Our exploration of spatial models and voting systems has revealed some insightful and occasionally surprising observations, and has also challenged several prevailing assumptions.
- These simulations indicate that a Condorcet voting system — which elects the candidate who would triumph in any head-to-head election with any other candidate — aligns well with the utilitarian ideal and the consensus of the best alternative systems. On top of this, Condorcet voting proves entirely resistant to tactical voting behavior. Despite theoretical concerns that a Condorcet winner might not exist in every election, we find that a Condorcet winner is absent in only 3% of simulated elections. This presents the exciting possibility that Condorcet systems could provide a pragmatic and robust way to maximize voter satisfaction in real-world elections.
- Voting systems such as Range, STAR, and Borda Count also align closely with the utilitarian consensus when voters voice their genuine preferences. However, these systems are susceptible to tactical voting. Voters who anticipate the behavior of others using polling data or other sources and adjust their votes accordingly can distort the election far away from the utilitarian ideal. After adjusting for tactical voting, STAR voting remains as a promising choice, though a bit diminished from its performance with honest voters.
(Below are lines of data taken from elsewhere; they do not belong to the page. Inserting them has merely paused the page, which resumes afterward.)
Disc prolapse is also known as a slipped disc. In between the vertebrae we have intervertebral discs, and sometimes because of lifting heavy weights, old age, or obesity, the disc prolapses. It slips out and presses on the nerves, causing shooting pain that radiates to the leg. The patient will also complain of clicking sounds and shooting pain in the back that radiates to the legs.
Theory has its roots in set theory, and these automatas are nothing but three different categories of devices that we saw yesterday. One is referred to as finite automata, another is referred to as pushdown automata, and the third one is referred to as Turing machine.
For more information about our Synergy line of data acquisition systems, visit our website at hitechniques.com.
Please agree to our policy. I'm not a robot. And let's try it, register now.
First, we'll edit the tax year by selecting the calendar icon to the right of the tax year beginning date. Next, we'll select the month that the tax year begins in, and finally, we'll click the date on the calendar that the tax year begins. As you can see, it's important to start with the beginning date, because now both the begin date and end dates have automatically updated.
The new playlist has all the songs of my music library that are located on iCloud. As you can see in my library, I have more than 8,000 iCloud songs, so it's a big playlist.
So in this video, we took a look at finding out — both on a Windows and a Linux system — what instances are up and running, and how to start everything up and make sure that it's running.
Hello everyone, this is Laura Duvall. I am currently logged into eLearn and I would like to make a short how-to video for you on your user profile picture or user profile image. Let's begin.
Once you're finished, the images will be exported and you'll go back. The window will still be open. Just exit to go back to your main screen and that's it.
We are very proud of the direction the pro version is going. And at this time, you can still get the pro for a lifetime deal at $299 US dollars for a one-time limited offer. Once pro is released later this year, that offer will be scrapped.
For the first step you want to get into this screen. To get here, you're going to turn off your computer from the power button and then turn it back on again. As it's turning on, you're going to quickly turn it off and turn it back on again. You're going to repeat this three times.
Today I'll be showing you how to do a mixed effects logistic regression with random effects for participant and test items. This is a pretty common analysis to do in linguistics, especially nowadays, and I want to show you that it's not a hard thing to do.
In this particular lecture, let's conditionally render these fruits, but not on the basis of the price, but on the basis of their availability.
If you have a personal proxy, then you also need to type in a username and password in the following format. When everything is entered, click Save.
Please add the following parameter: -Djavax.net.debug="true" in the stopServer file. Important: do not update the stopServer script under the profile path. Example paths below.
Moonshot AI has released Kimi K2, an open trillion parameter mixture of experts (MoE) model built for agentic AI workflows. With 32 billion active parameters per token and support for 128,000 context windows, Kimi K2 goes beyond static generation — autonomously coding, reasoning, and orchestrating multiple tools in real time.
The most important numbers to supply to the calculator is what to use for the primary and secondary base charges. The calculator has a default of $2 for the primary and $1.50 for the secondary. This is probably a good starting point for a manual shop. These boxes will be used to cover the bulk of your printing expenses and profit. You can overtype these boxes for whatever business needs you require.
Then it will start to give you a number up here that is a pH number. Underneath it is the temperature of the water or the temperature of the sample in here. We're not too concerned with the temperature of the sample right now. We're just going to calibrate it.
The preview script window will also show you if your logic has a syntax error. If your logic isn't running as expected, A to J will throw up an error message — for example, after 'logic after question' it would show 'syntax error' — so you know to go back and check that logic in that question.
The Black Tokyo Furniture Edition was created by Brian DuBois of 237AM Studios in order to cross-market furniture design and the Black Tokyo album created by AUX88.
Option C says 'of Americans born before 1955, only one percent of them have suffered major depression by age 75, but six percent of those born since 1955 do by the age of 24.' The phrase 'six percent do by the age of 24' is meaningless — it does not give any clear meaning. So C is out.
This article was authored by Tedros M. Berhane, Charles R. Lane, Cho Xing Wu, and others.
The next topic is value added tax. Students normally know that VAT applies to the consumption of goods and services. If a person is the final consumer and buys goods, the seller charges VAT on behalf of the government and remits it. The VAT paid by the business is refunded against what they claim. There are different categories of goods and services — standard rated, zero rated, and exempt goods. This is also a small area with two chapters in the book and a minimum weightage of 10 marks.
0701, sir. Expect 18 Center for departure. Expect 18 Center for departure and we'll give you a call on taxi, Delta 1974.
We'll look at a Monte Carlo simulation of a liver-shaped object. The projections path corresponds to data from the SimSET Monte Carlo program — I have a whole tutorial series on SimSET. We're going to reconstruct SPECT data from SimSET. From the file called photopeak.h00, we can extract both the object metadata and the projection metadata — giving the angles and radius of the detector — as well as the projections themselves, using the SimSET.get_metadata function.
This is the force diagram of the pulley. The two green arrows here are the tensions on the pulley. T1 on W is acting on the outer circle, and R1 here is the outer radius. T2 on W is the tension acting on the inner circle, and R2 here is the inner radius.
- We’ve seen evidence that Plurality and Instant Runoff Voting (IRV) often produce election outcomes that differ significantly from the consensus of more utilitarian, or happiness-maximizing, voting methods. IRV, although a large improvement over naïve plurality voting, offers only a marginal advantage over the heavily tactical form of plurality voting we use in practice, guided by primaries and extensive polling data. Thus, the continued reliance on Plurality and IRV misses an opportunity to elect more representative candidates with broader appeal.
- Approval voting has perplexed our analysis. When voters cast honest ballots (whatever that means), approval voting doesn’t look attractive. When we simulate tactical votes, approval voting ranks well. However, making different assumptions about the quality of information available for tactical voting, something we cannot control in the real world, makes a huge difference in the result.
Naturally, this analysis has certain limitations. Although the voter models we investigated appear realistic and reproduce the qualitative properties we targeted more accurately than simpler models like IC and IAC, they do involve several assumptions about the distribution of voters’ political preferences and their voting behavior. Many of these assumptions lack empirical validation. Nonetheless, by employing a spatial model of voter preferences, we have managed to delve deeper into the relative advantages of various voting systems than would be possible through purely theoretical analysis.
Future work could broaden this simulation to include even more sophisticated models of voter behavior and apply these insights to analyze real-world election data. In the end, it would be immensely rewarding if this work contributes in any way to a more profound understanding of democratic processes and provides insights that can help us design and choose better and fairer ways to vote.